About this exercise: Write out every line below again exactly as it stands, skipping each image.

Data segment:
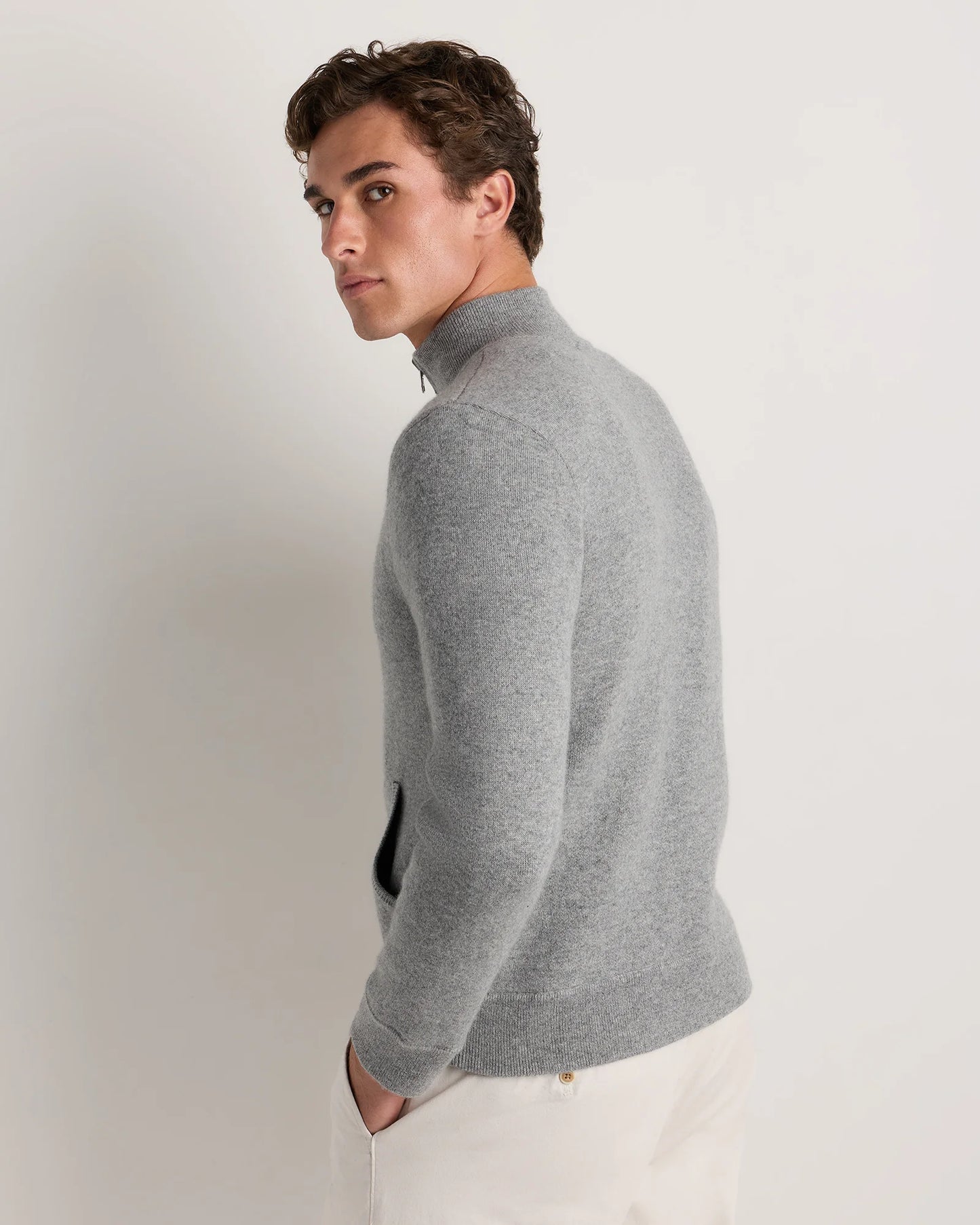 100% Reversible Cashmere Full Zip Sweater - S / Black/Charcoal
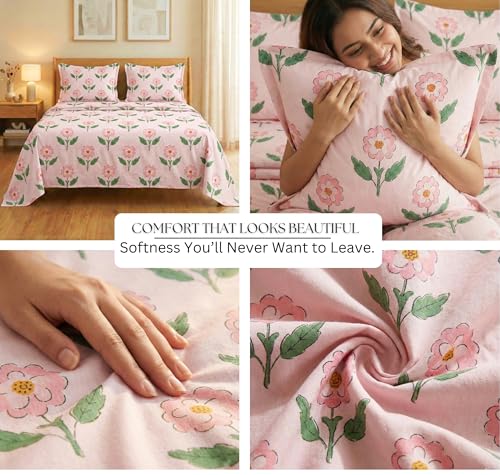 Image of BSB HOME Cloud Cotton King Size Bedsheet Set 228 x 254 cm, 220 Thread Count Soft & Breathable Cotton Bedsheet with 2 Pillow Covers, Floral Printed Bedding for Home (Dusty Pink)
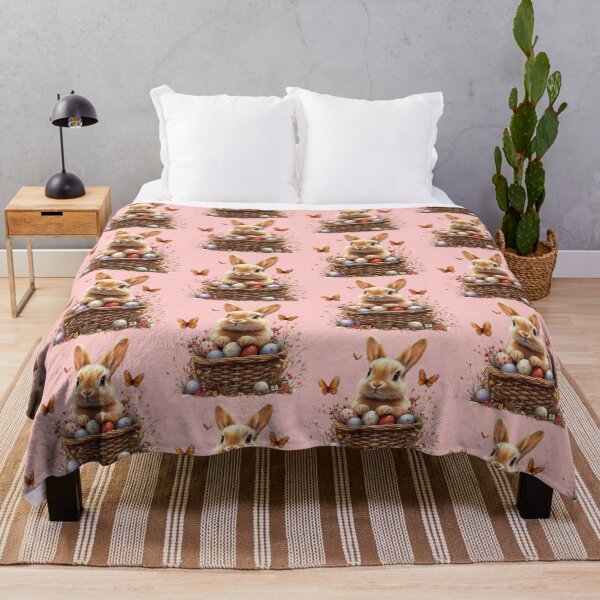 Item preview, Cute Bunny in a basket with Easter eggs surrounded by butterfly Red designed and sold by Sototos® ⭐⭐⭐⭐⭐.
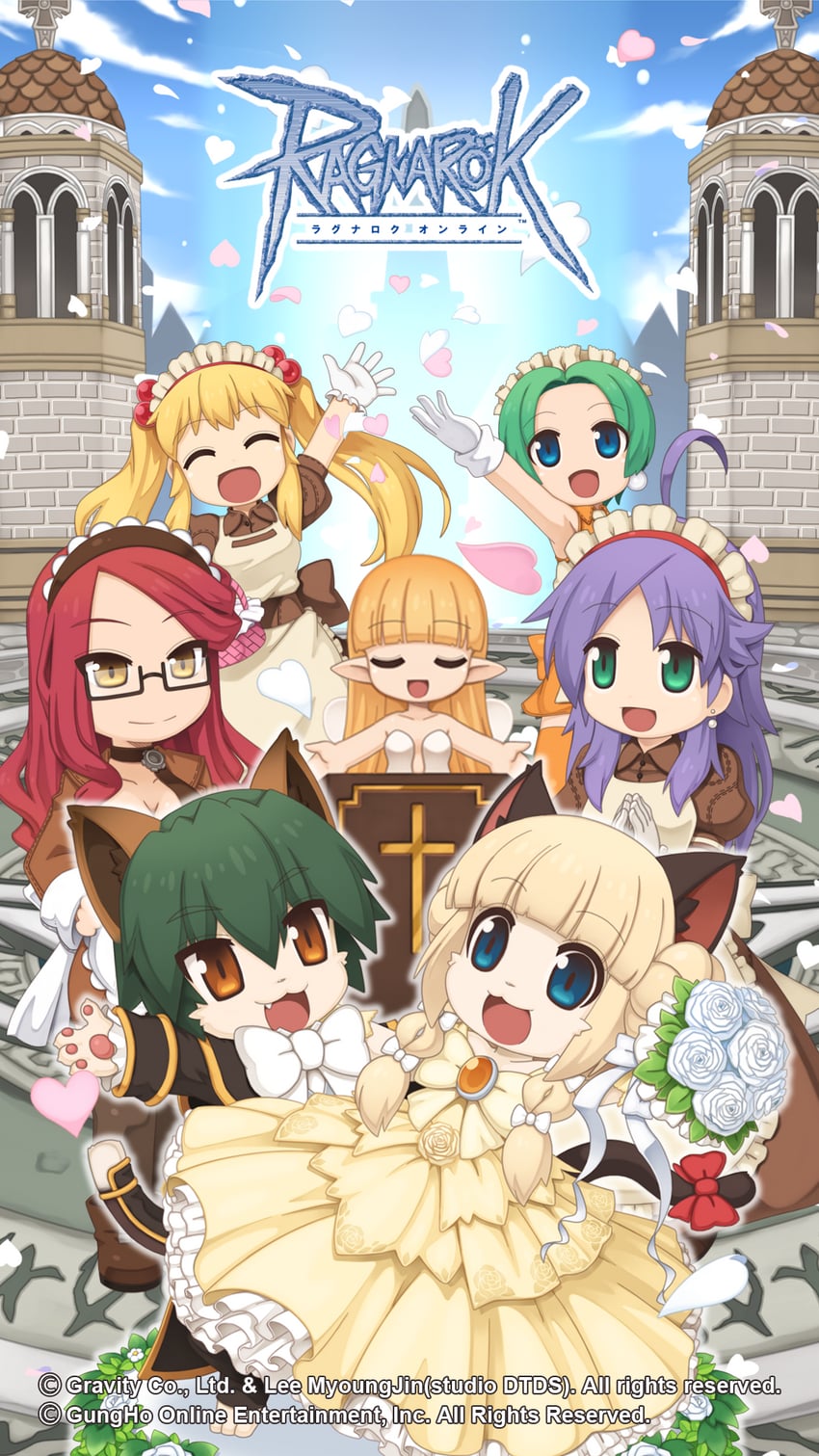 summoner, pavianne, curly sue, sampaguita, and lyrus (ragnarok online) drawn by yuichirou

Answer:
 100% Reversible Cashmere Full Zip Sweater - S / Black/Charcoal
 Image of BSB HOME Cloud Cotton King Size Bedsheet Set 228 x 254 cm, 220 Thread Count Soft & Breathable Cotton Bedsheet with 2 Pillow Covers, Floral Printed Bedding for Home (Dusty Pink)
 Item preview, Cute Bunny in a basket with Easter eggs surrounded by butterfly Red designed and sold by Sototos® ⭐⭐⭐⭐⭐.
 summoner, pavianne, curly sue, sampaguita, and lyrus (ragnarok online) drawn by yuichirou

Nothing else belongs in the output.